Supper with Sandy to agonize over what had happened: 

About:  Ranting and Venting

I have read so many books regarding suicide.  In doing so, I have picked up things that I can no longer recall where they came from.  This is unfair to the original author, i.e. not being able to quote exactly what was written and who said it.  In other words I am saying articles on this site have come from other folks.  Very little is original.

To refresh my mind on survivor issues, I tend to follow selective survivor sites.  Not on a daily basis but from time to time.  For me, it helps to stay in touch with a wide range of concerns that re-occur in the survivor community.   One such site is a Face Book page “Families Dealing w/ Suicide, The Next Chapter” managed out of Bristol, England.  I don’t recall who invited me.  FDWS is a closed group and the admins do an excellent job of policing it.  Reading various posts, as I doing a hit and miss mode, I am frequently reminded of the frustrations many.  High on this list is the fact that they are not understood.  I have certainly felt that way often as well.  To be fair, sometimes I cannot express to myself how I feel.  I consistently have used two words . . .  abandon and disconnected.

It was a challenge (to end all challenges) to fit back into the routine and friendships I had before Rebecca ended her life.  It seemed everyone expected me to return to my ole self but that could never happen.  In the years that followed I began to realize there were many things I can no longer say.  I realize that I became overwrought with concerns about what others think of me, my family and on and on.

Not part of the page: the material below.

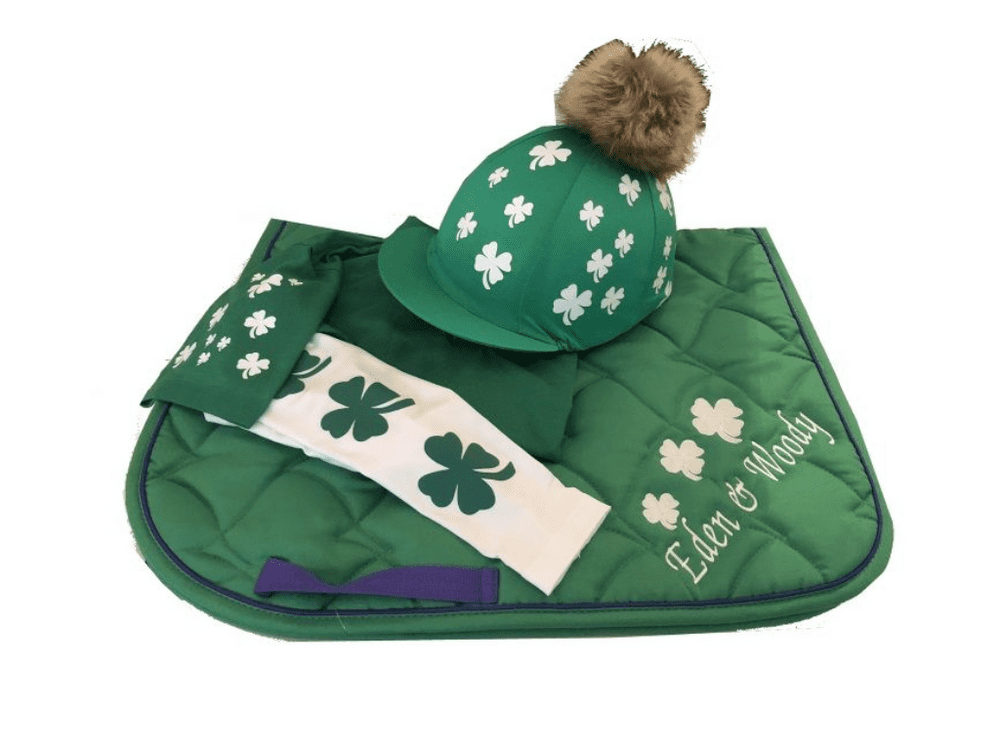 Adults Base Layer Cross Country Set Emerald and white with Shamrocks.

There are so many unknowns in the arena of suicide.  I still (after 16 years) find it difficult to use her name and suicide in the same sentence.  I have settled on “she took her life.”  Is there really a difference, well there is to me and in time it will probably be that way for you as well.  I began to migrate to actions, and expressions I was comfortable with.

There is little doubt that some expressions used in public posts will aggravate and anger some . . . that is inevitable.  It just comes with the territory, so there is risk involved.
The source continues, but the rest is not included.